• Task instructions:
Copy every record exactly, leaving the pictures out.

• Records for the exercise:
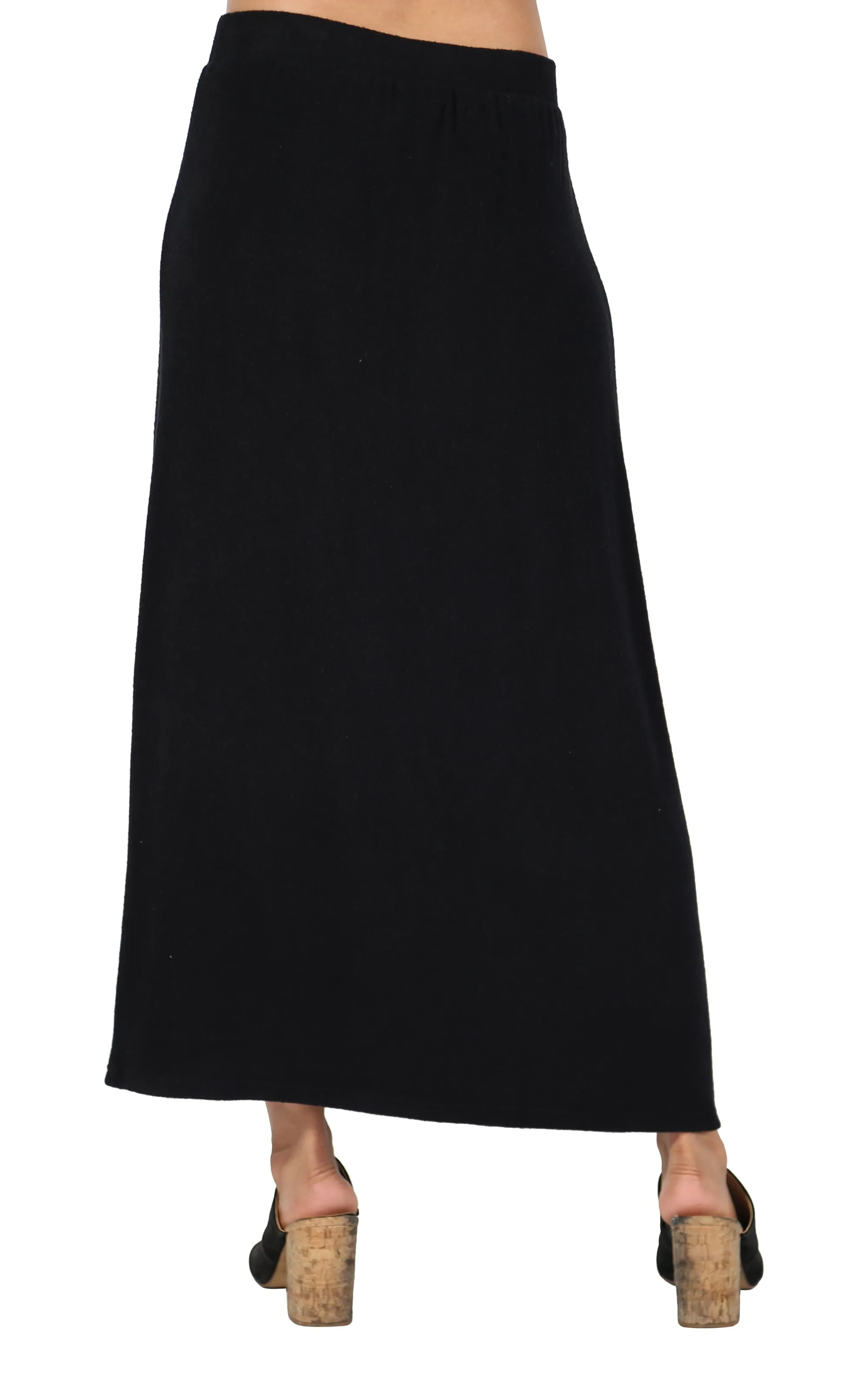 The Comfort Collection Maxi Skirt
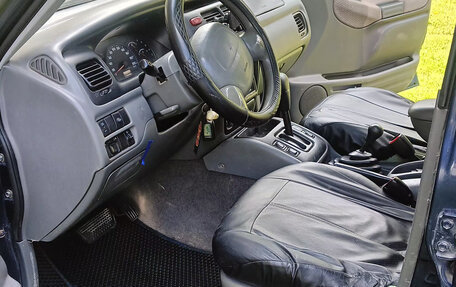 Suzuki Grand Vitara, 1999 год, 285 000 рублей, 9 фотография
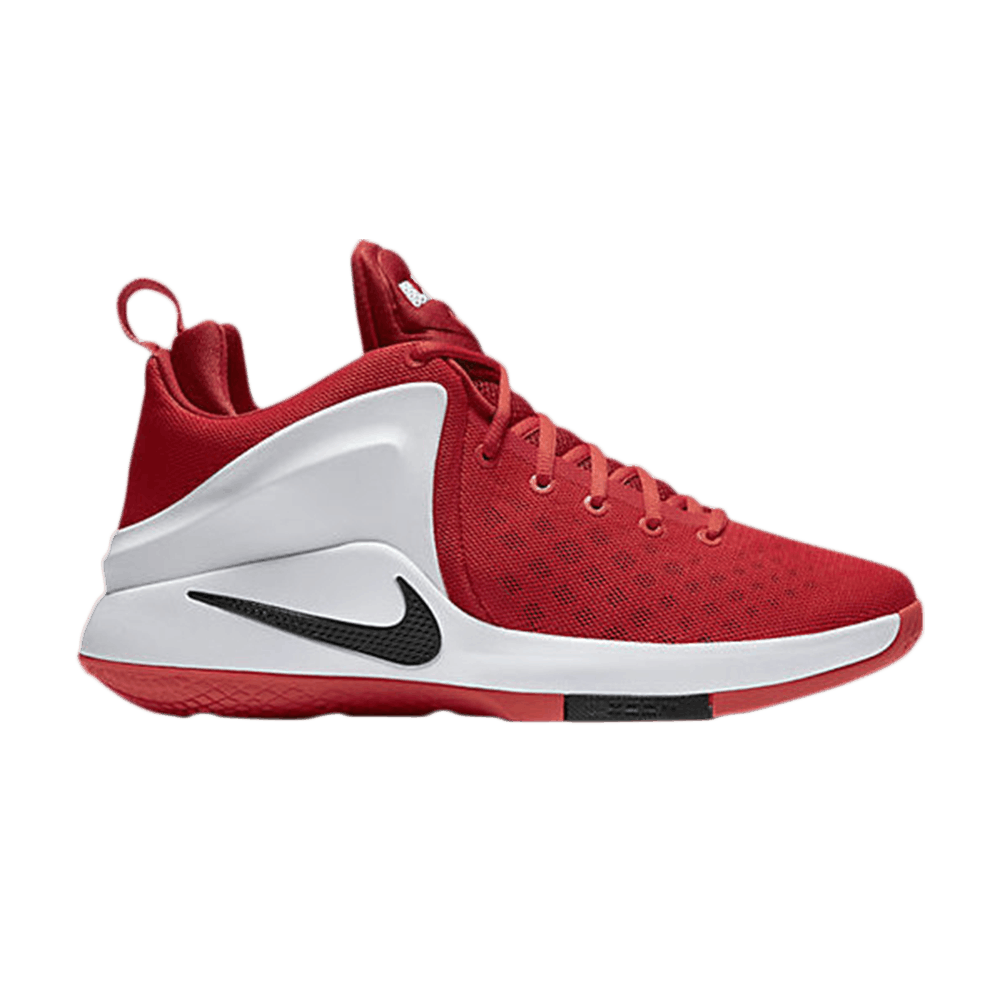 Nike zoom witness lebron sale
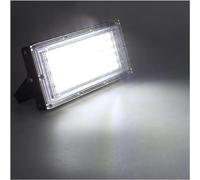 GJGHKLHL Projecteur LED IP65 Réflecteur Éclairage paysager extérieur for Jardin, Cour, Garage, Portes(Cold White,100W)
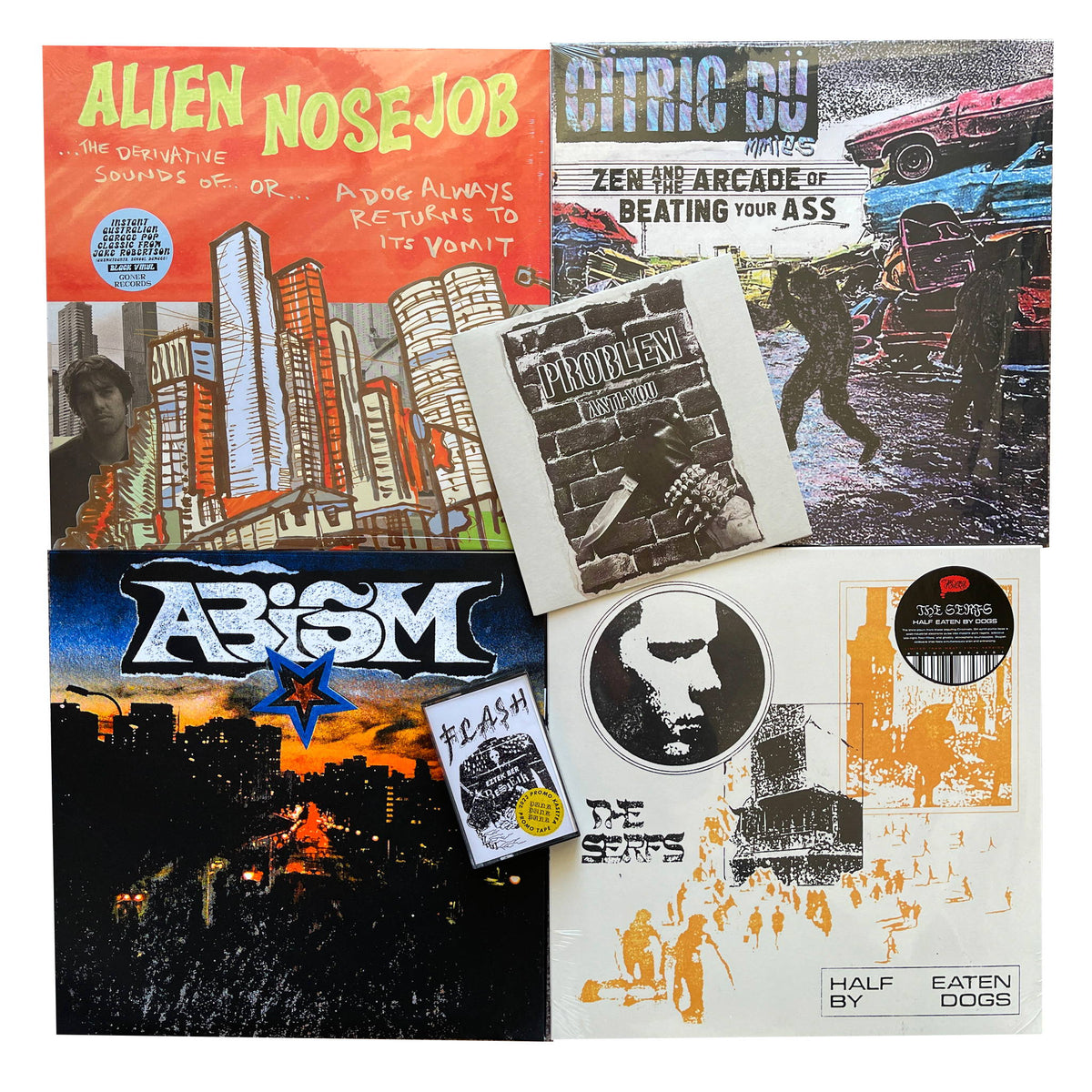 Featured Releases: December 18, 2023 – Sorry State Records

• The answer:
 The Comfort Collection Maxi Skirt
 Suzuki Grand Vitara, 1999 год, 285 000 рублей, 9 фотография
 Nike zoom witness lebron sale
 GJGHKLHL Projecteur LED IP65 Réflecteur Éclairage paysager extérieur for Jardin, Cour, Garage, Portes(Cold White,100W)
 Featured Releases: December 18, 2023 – Sorry State Records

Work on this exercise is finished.